Already...already I have not fulfilled my resolution to post about God's minute by minute presence on the same day as Frank Laubach did in 1930. This should have been posted on January 26 and here it is the 30th already. However, Laubach's 1/26 entry includes this comment: "I am feeling God in each movement, by an act of will -- willing that He shall direct these fingers that now strike this typewriter -- willing that He shall pour through my steps as I walk -- willing that He shall direct my words as I speak, and my very jaws as I eat!" Therefore, following God's directions moment by moment is more important that deciding that I should match up my days of writing with Laubach's.
Oh, if only I had had such a high and lofty reason for not writing. I confess on the 26th, I was just trying to get through the day with two grandchildren, one sick husband, a visiting daughter, and her two guests, all staying in my house that is under renovation due to broken water pipes. You will want to give me the benefit of the doubt, yes? You will hope that throughout that day I practiced the words of Laubach's boyhood hymn:
Moment by moment, I'm kept in His love;
Moment by moment, I've life from above;
Looking to Jesus till glory doth shine;
Moment by moment, O Lord, I am Thine.
Well, yes, but it wasn't anything conscious on my part. I was kept in His love; I did have life from above, I am His: I just can't say that I consciously looked to Jesus moment by moment.

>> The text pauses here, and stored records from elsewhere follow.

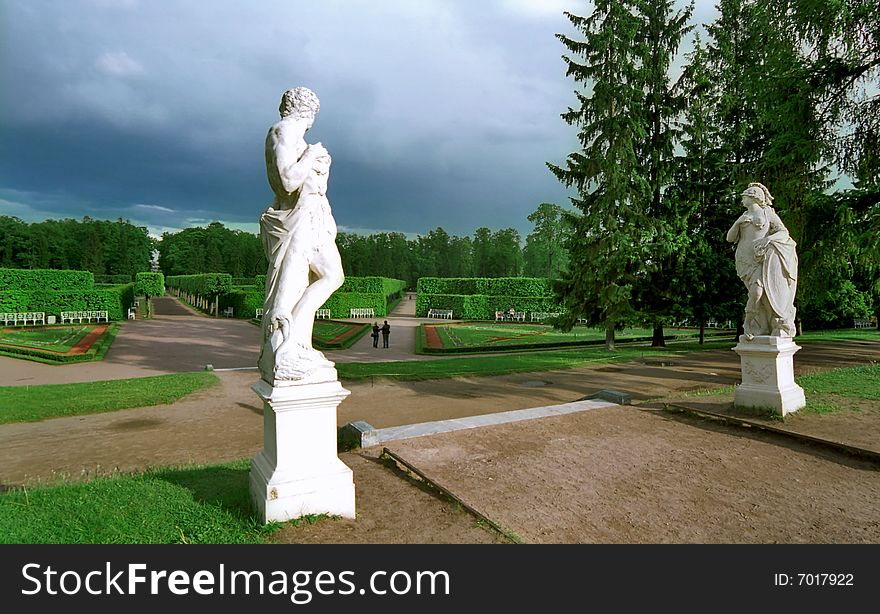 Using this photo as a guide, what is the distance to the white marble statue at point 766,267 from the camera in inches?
269

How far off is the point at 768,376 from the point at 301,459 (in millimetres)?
6646

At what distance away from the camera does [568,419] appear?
22.2 ft

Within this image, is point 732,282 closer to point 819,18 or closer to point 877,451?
point 819,18

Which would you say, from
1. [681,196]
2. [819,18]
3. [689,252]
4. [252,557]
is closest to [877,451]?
[252,557]

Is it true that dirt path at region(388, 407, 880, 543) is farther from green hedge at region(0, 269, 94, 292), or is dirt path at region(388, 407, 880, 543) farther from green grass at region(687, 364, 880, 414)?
green hedge at region(0, 269, 94, 292)

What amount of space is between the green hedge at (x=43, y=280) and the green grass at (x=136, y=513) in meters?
31.3

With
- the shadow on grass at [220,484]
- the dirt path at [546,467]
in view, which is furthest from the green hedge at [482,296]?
the shadow on grass at [220,484]

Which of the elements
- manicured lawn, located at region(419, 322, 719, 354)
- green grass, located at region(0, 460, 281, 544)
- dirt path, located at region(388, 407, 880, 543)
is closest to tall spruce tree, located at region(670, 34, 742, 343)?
manicured lawn, located at region(419, 322, 719, 354)

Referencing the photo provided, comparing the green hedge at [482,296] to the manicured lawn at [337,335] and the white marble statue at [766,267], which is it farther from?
the white marble statue at [766,267]

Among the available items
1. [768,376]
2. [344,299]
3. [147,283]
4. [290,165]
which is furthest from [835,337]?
[147,283]

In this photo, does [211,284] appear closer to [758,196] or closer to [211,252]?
[211,252]

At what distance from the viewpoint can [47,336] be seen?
70.9ft

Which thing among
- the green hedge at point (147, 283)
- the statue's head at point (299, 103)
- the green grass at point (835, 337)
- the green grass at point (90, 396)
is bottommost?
the green grass at point (90, 396)

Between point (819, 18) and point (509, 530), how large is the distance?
14883mm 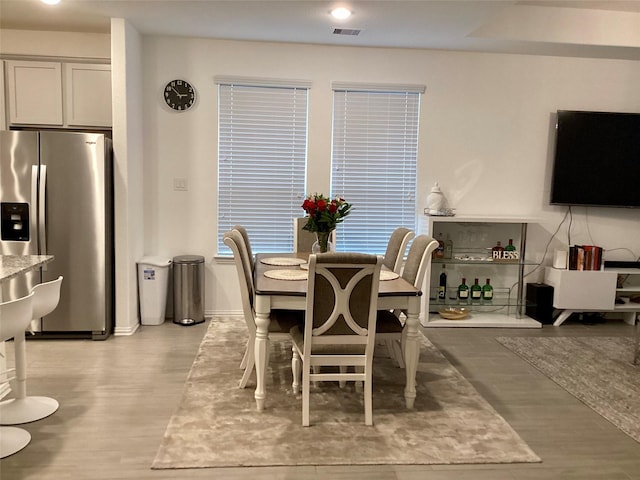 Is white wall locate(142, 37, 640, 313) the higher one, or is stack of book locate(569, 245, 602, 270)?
white wall locate(142, 37, 640, 313)

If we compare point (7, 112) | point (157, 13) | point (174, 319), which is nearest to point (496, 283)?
point (174, 319)

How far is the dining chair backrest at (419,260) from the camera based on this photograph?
313 cm

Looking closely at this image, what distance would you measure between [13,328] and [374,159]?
11.6 ft

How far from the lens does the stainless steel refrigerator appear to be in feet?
12.7

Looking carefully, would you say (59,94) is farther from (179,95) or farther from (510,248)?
(510,248)

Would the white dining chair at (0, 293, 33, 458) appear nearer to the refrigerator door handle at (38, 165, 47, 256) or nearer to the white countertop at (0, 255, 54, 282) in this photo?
the white countertop at (0, 255, 54, 282)

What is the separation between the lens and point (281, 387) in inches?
126

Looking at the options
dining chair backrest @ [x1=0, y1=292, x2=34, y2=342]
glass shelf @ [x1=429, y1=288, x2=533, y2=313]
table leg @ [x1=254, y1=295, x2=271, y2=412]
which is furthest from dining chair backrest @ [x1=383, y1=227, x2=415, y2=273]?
dining chair backrest @ [x1=0, y1=292, x2=34, y2=342]

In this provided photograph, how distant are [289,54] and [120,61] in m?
1.52

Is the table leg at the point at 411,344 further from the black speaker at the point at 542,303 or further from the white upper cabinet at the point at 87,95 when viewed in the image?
the white upper cabinet at the point at 87,95

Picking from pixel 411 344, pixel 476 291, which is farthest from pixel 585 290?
pixel 411 344

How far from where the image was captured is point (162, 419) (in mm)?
2771

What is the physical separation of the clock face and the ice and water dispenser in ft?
5.13

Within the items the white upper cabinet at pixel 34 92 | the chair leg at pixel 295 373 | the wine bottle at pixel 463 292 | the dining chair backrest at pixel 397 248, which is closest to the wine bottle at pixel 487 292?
the wine bottle at pixel 463 292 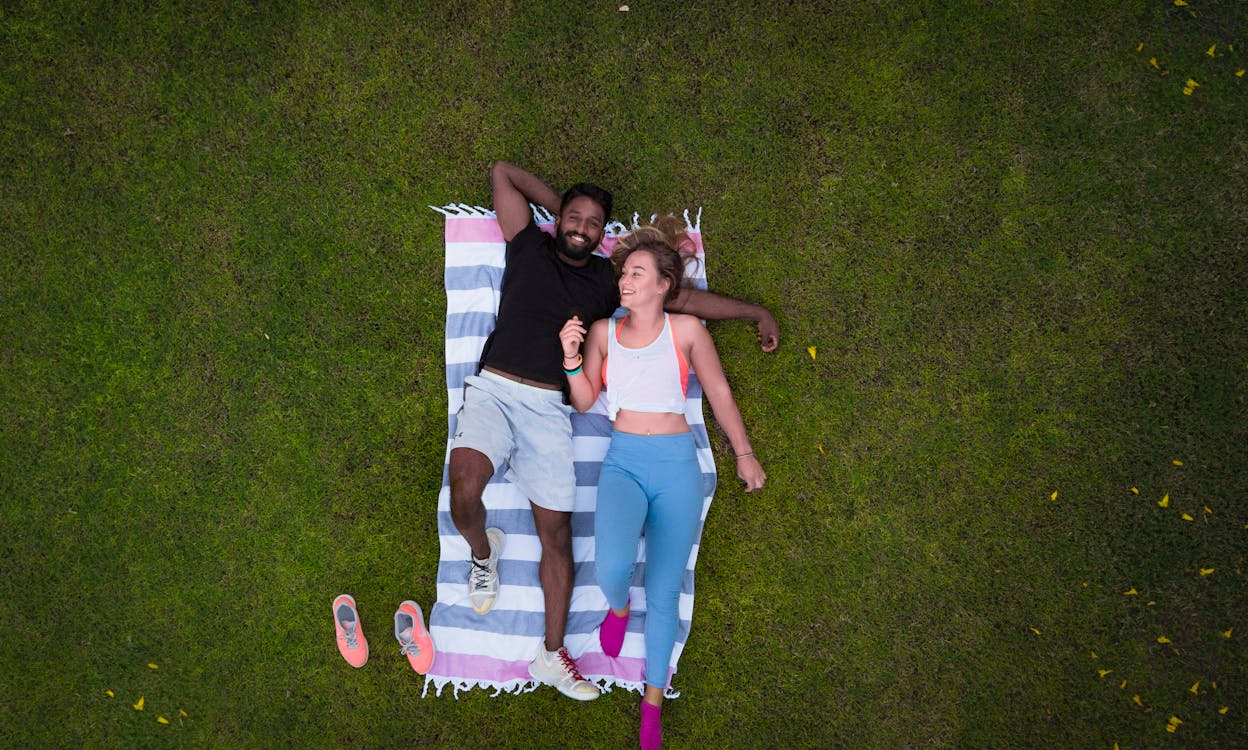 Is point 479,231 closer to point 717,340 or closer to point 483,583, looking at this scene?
point 717,340

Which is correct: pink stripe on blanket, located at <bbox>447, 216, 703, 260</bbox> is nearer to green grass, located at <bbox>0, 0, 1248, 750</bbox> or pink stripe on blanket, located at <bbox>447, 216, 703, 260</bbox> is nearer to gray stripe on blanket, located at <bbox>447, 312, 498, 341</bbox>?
green grass, located at <bbox>0, 0, 1248, 750</bbox>

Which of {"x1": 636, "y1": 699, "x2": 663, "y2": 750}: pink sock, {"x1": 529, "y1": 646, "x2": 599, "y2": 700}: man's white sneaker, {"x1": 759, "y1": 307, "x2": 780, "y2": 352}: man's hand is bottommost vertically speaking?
{"x1": 636, "y1": 699, "x2": 663, "y2": 750}: pink sock

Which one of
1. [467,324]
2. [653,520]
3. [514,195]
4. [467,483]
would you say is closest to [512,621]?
[467,483]

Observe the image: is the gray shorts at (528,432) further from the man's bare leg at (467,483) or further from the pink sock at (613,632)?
the pink sock at (613,632)

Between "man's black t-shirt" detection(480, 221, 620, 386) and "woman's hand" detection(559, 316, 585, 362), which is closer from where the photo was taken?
"woman's hand" detection(559, 316, 585, 362)

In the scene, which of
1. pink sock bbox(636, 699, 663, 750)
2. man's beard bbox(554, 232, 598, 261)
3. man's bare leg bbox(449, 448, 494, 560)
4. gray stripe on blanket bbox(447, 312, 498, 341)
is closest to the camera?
man's bare leg bbox(449, 448, 494, 560)

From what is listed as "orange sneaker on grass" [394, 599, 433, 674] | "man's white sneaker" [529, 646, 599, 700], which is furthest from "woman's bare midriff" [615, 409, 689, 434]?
"orange sneaker on grass" [394, 599, 433, 674]

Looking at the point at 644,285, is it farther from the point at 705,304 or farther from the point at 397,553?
the point at 397,553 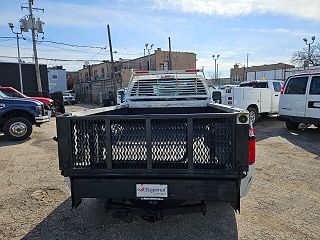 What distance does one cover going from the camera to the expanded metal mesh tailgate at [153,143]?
2.78m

Yet, I sense something in this second (third? fourth?) reading of this entry -- God highlighting Laubach's two burning passions and particularly the second passion: "to respond to God as a violin responds to the bow of the master." Violins do not think, "Oh, now, see how the master is drawing the letter C across my strings; now he is plucking me so I must make this sound." No, the violin responds the way it was always meant to respond to a Master Musician because of the hands of a Master Craftsman. My analogy of course breaks down because we are indeed created to think and give glory to Him. Still, I am discovering days when His presence is so all-encompassing that we have no need of words. I look back and find that I have responded to His presence in a way that pleases Him (no, not 24/7, but the signs of His presence in my life, the signs of His mind within me, the signs of His living and breathing in me, are there). And, I hang onto the hope that He who started a good work will indeed bring it to completion.